Sin embargo, cuando unos vienen de vuelta, otros apenas van de ida: los ejemplos de la antigua Unión Soviética y sus satélites y el lamentable estado de los países que en nuestro continente han adoptado políticas socialistas radicales no han sido suficientemente aleccionadores para un sector de nuestra población, que en la presente campaña electoral, para canalizar una protesta anárquica contra muchas cosas no bien definidas, se ha entusiasmado con el discurso de un joven político, de indudable extracción comunista, que oculta su filiación tras vagas consignas estereotipadas.
El auge, según las encuestas, de este sorpresivo líder nos obliga, independientemente del resultado final de las elecciones del próximo mes, a un replanteamiento de nuestra democracia como sistema político, algo que sobrepasa evidentemente el marco del presente comentario, así como al análisis de las verdaderas causas del inesperado apoyo que ha recibido un candidato que, antes de entrar en la contienda electoral, en múltiples oportunidades ya había hecho profesión de su credo comunista, el cual ha sido tradicionalmente rechazado por los costarricenses.
Carlos Marx, el teórico del llamado “socialismo científico”, no fue jamás un demócrata. Era un comunista y su egocentrismo posiblemente le habría impedido someter sus ideas al tribunal de la opinión pública, aunque hubiera tenido la oportunidad de hacerlo. Los seguidores que llevaron a la práctica sus teorías las consideraron dogmas intangibles y, en los países donde lograron adueñarse del poder, nunca las sometieron a consulta popular y persiguieron sañudamente a quienes osaban discutirlas.
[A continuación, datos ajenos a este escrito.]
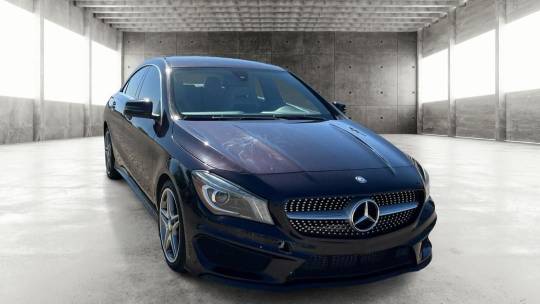 2015 Mercedes-Benz CLA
Es sabido que, en los países comunistas, las elecciones –cuando se hacen– son manipuladas desde el poder o, sencillamente, no se celebran, como en Cuba.
De ahí que resulte insólito que un comunista participe en una contienda democrática, aunque posiblemente, si ve la posibilidad, puede poner en práctica el consejo de Lenin, quien enseñaba que, para llegar al poder, todas las vías son buenas , incluso las legales. A quienes lo califican de joven e inexperto, el candidato les responde que su condición de abogado y su experiencia como asesor legislativo y actual diputado lo capacitan para aspirar al cargo, y que lo único que no sabe es robar. En efecto, nadie lo ha acusado de ladrón, pero sí es evidente que, calculadamente, le ha ocultado al electorado su filiación comunista, pues sabe muy bien que el reconocimiento explícito de esa ideología espantaría a muchos de sus actuales seguidores.
A cuantos le tocan el tema contesta vagamente que ni él ni su partido pretenden copiar recetas de otros países, y que procurará erradicar la pobreza y “cerrar la brecha social”, que es, prácticamente, lo mismo que dicen todos los demás candidatos. Pero, para ser leal con sus seguidores de buena fe y aquietar un poco las agitadas aguas que ha levantado su participación en este proceso, tendría que abjurar públicamente de su credo comunista y asegurarle al país que un eventual gobierno suyo respetará la propiedad privada y el régimen de libre empresa, y no celebrará tratados, acuerdos ni componendas de ninguna clase con Gobiernos extranjeros que, en alguna forma, comprometan o menoscaben las libertades y derechos de los que actualmente gozamos todos los ciudadanos.